Each line starting at the one that contains "DEI Work Blueprint" and ending at the one that contains "Three split images" must be returned exactly, and the rest of the listing is left out.

● Extracted material

_ _ _

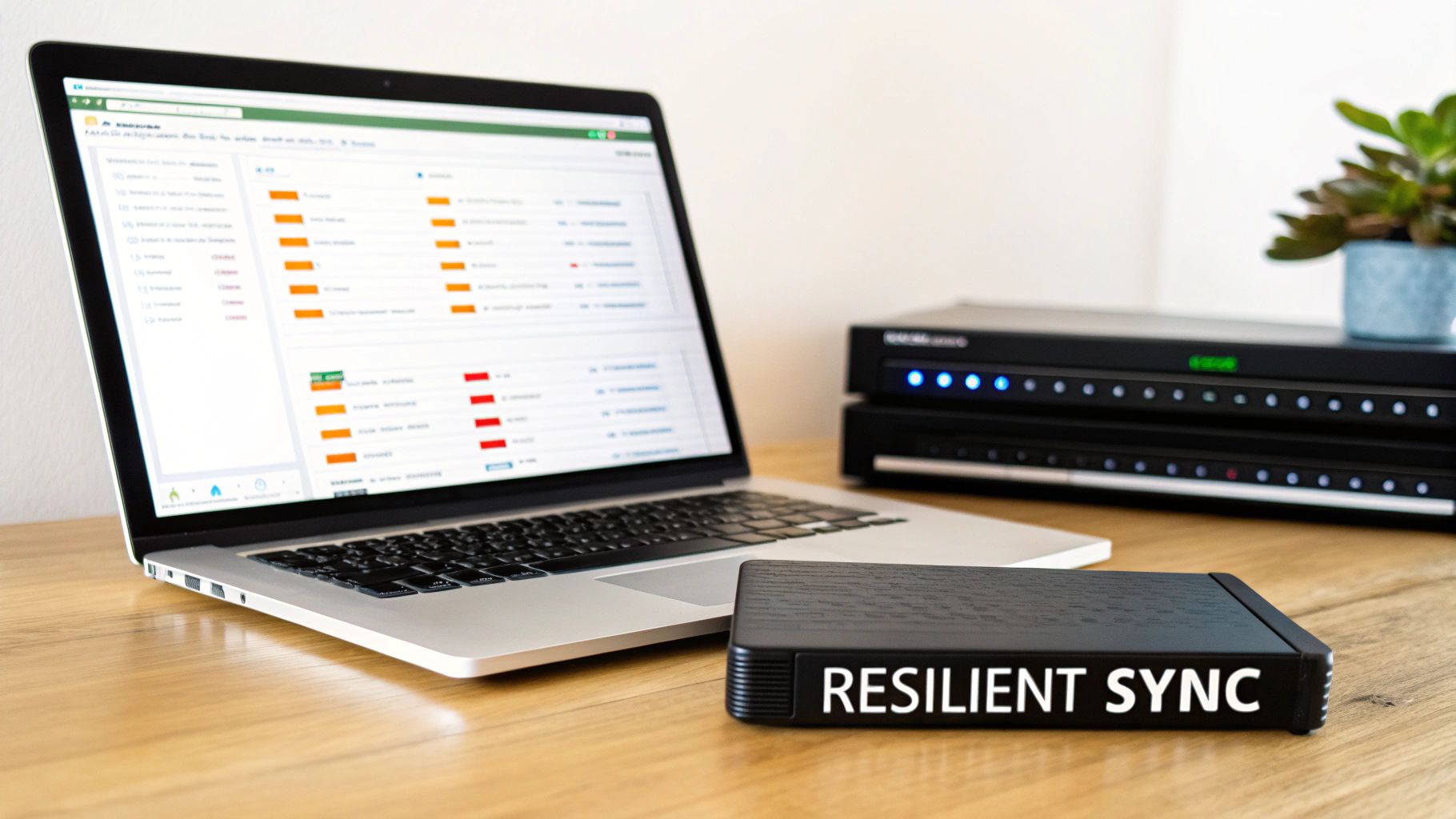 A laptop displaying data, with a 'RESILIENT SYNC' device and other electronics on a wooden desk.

_ _ _

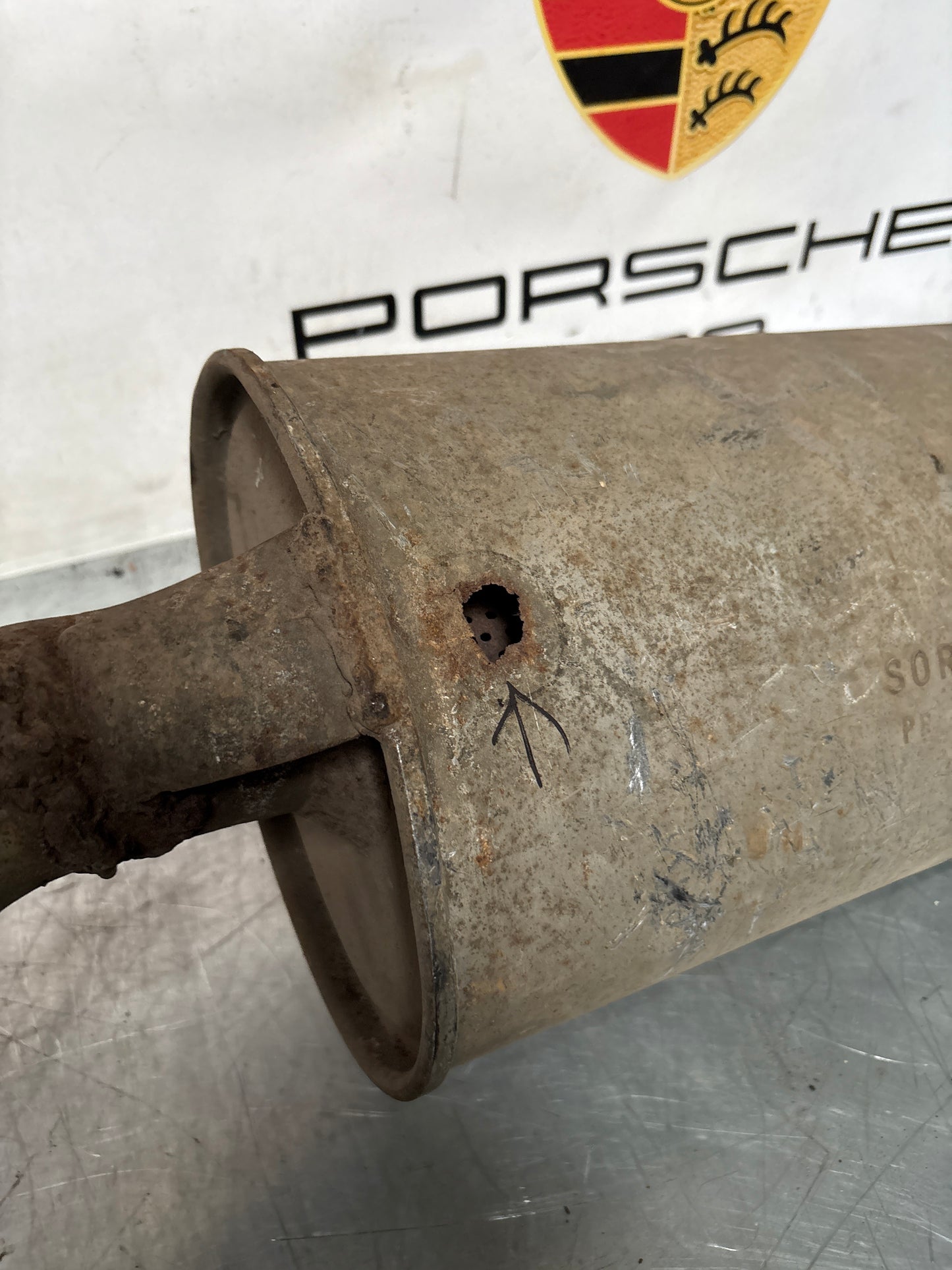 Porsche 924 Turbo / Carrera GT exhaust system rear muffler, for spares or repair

_ _ _

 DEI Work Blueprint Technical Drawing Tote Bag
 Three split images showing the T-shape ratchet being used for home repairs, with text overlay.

_ _ _

● Written answer
 DEI Work Blueprint Technical Drawing Tote Bag
 Three split images showing the T-shape ratchet being used for home repairs, with text overlay.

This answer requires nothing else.